YOUR ASSIGNMENT:
The lines below, from the one containing "Tatra 25 Buldog Tatra 25 Buldog" through the one containing "Base Cabinet Kit", should be set down exactly, with no pictures and nothing else.

=== SUPPLIED INFORMATION ===

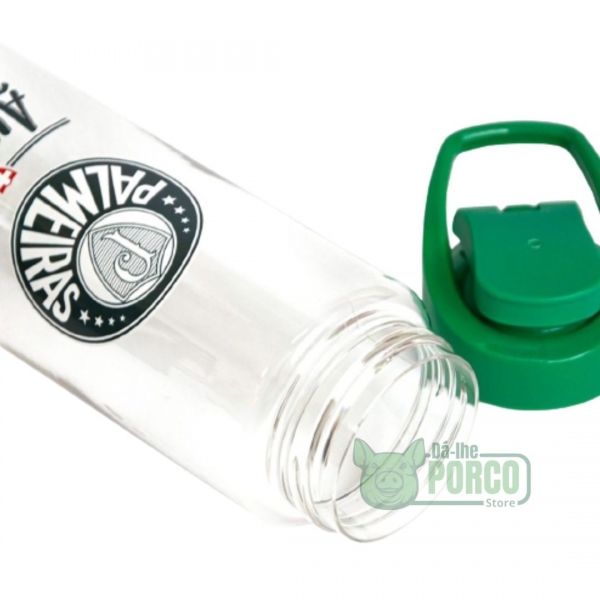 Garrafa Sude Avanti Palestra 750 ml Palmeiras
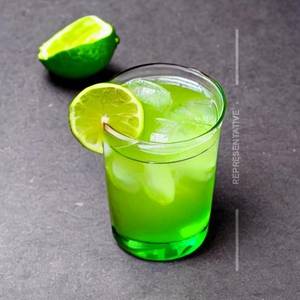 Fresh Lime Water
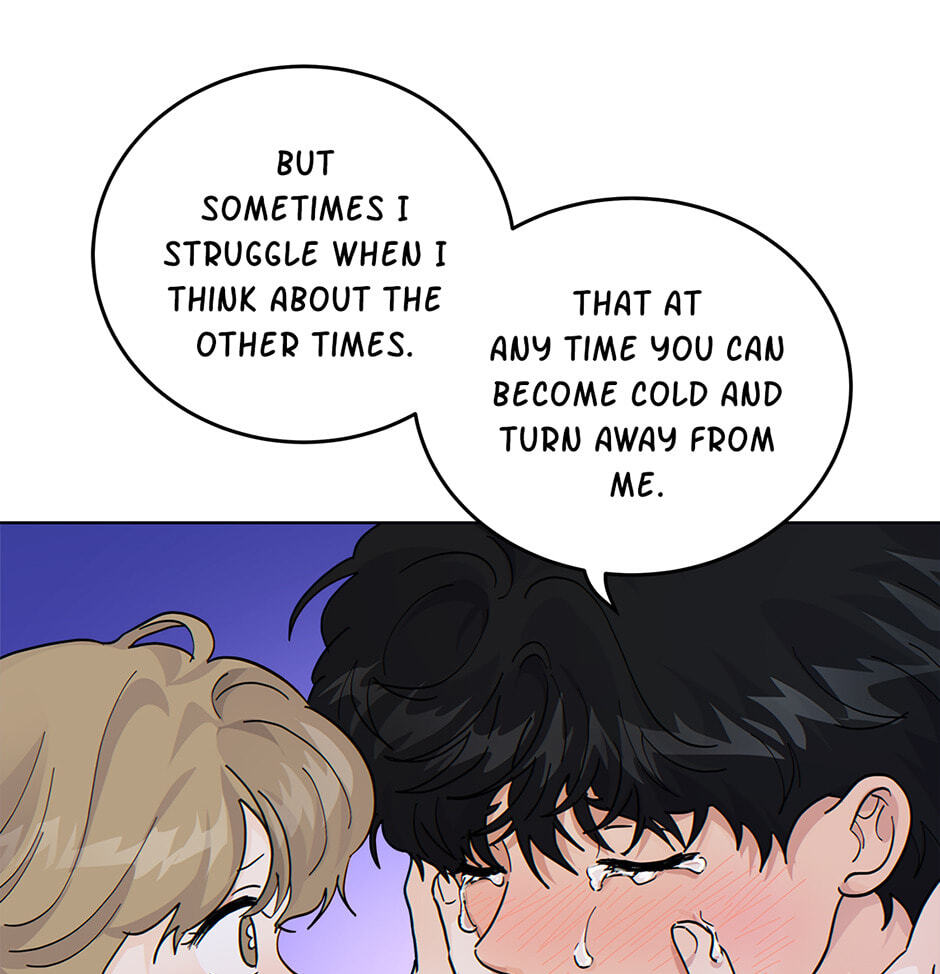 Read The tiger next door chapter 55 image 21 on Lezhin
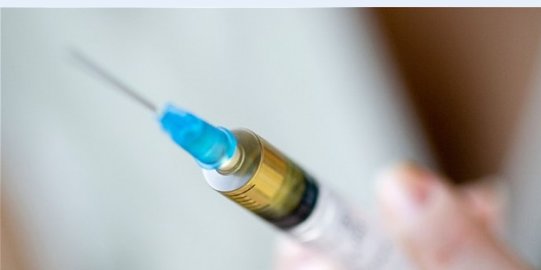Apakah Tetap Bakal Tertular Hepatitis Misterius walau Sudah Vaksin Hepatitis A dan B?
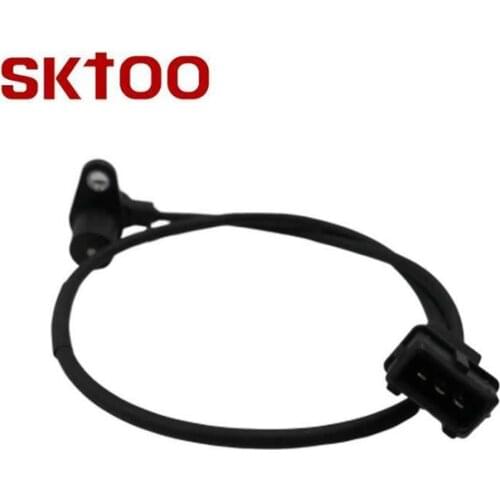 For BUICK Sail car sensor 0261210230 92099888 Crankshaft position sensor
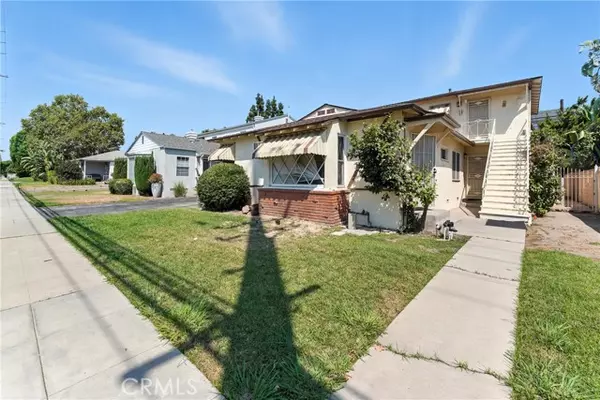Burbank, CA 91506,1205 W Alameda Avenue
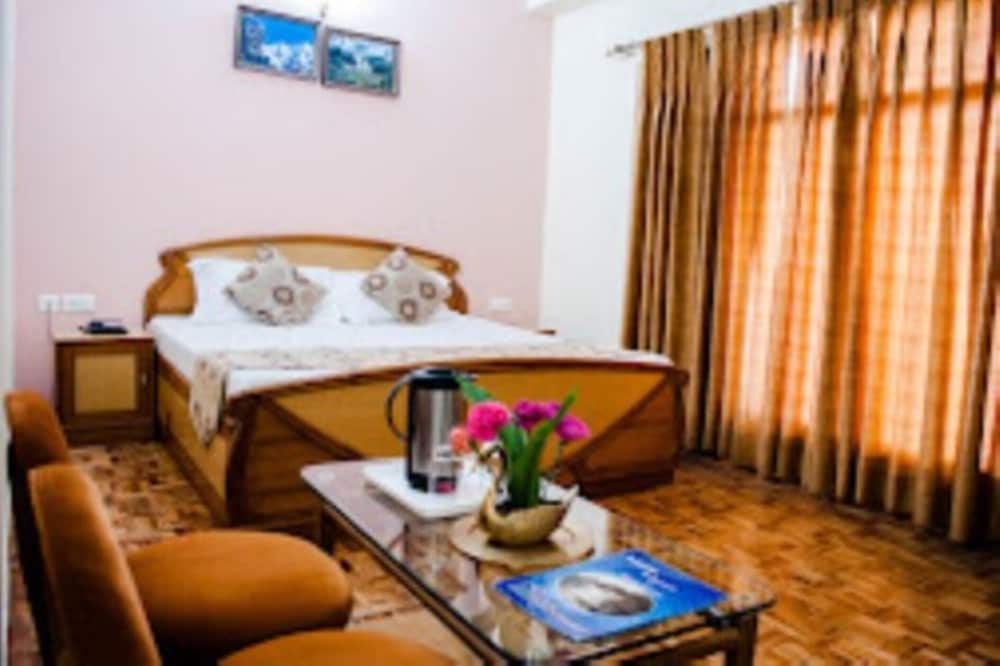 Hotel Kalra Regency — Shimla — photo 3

===
=== SUPPLIED INFORMATION ===

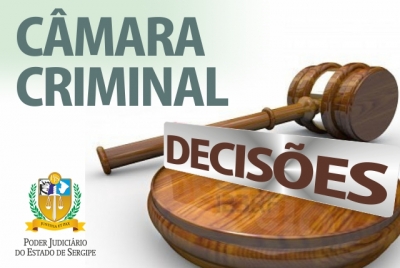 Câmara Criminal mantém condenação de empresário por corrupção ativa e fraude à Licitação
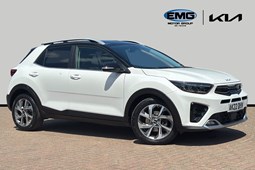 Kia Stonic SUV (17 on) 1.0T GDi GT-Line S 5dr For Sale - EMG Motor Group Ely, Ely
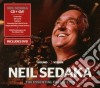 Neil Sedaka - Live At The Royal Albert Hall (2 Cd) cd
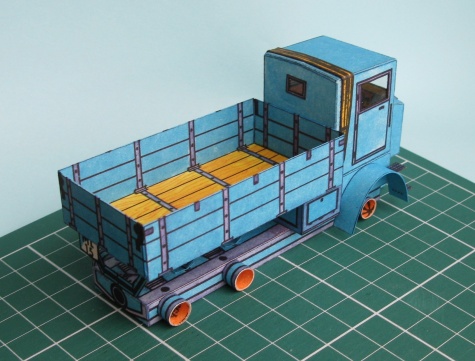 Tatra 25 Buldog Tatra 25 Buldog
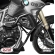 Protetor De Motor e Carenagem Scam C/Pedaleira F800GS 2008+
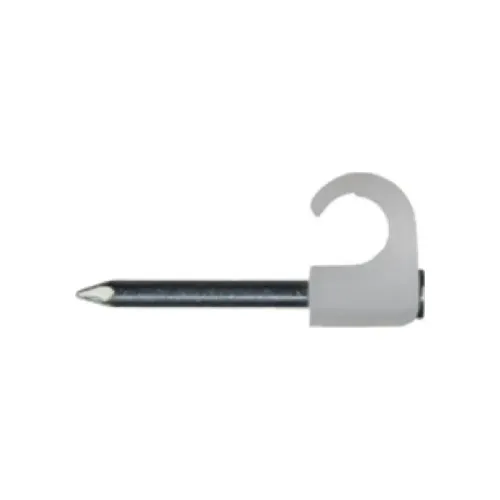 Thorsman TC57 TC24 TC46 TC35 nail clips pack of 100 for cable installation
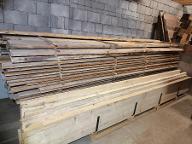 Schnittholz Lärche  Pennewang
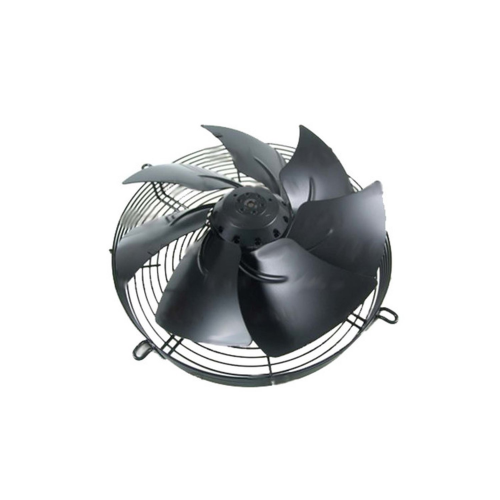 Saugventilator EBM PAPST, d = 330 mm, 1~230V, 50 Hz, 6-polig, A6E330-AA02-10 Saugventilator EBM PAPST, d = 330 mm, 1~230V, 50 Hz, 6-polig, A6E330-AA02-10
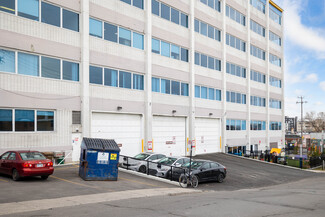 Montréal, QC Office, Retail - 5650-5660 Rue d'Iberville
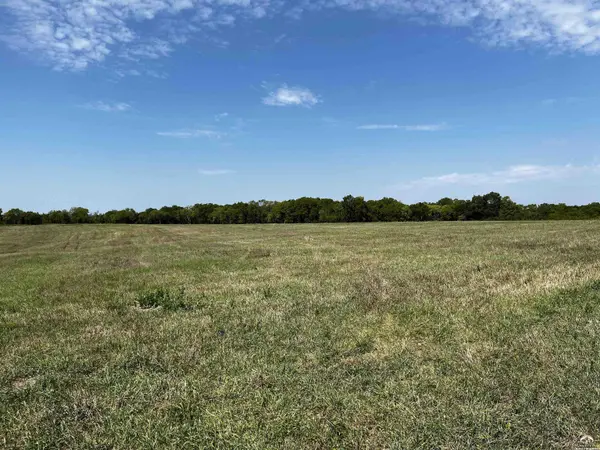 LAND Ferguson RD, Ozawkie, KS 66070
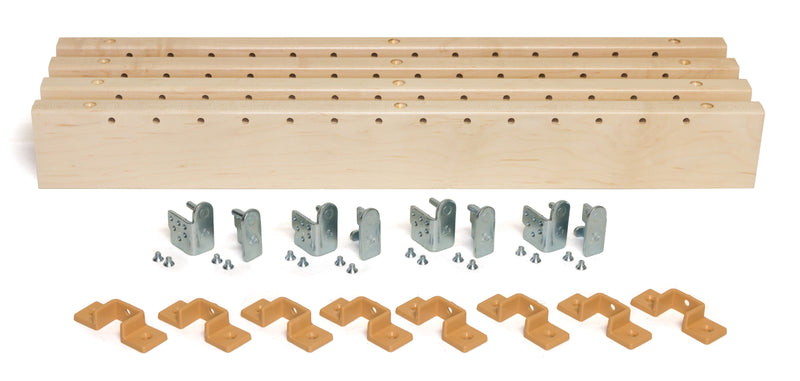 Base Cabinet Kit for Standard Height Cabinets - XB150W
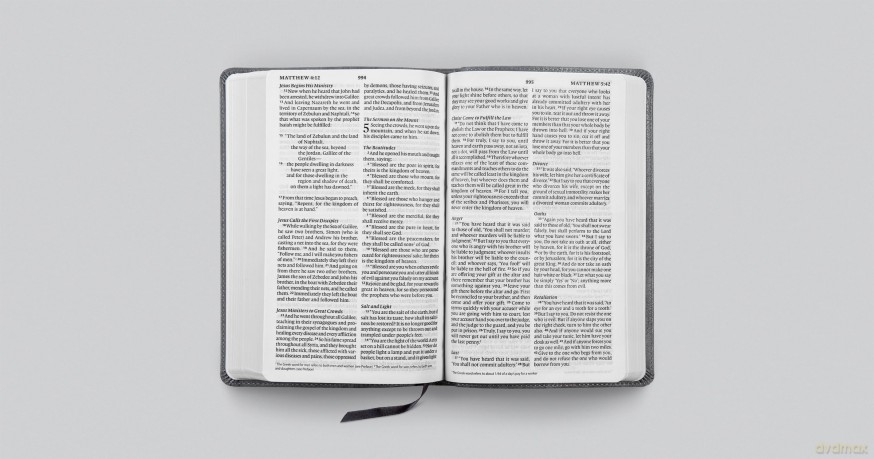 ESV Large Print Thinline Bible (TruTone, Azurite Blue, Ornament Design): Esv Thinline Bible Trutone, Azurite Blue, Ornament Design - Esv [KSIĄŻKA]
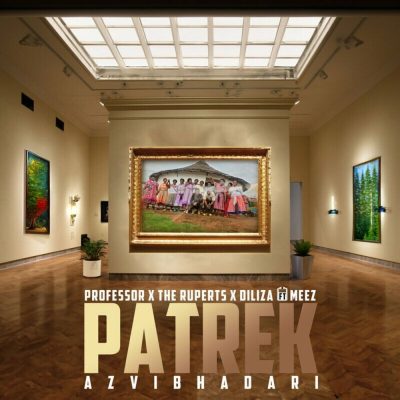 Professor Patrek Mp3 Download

===

RESPONSE AREA:
 Tatra 25 Buldog Tatra 25 Buldog
 Protetor De Motor e Carenagem Scam C/Pedaleira F800GS 2008+
 Thorsman TC57 TC24 TC46 TC35 nail clips pack of 100 for cable installation
 Schnittholz Lärche  Pennewang
 Saugventilator EBM PAPST, d = 330 mm, 1~230V, 50 Hz, 6-polig, A6E330-AA02-10 Saugventilator EBM PAPST, d = 330 mm, 1~230V, 50 Hz, 6-polig, A6E330-AA02-10
 Montréal, QC Office, Retail - 5650-5660 Rue d'Iberville
 LAND Ferguson RD, Ozawkie, KS 66070
 Base Cabinet Kit for Standard Height Cabinets - XB150W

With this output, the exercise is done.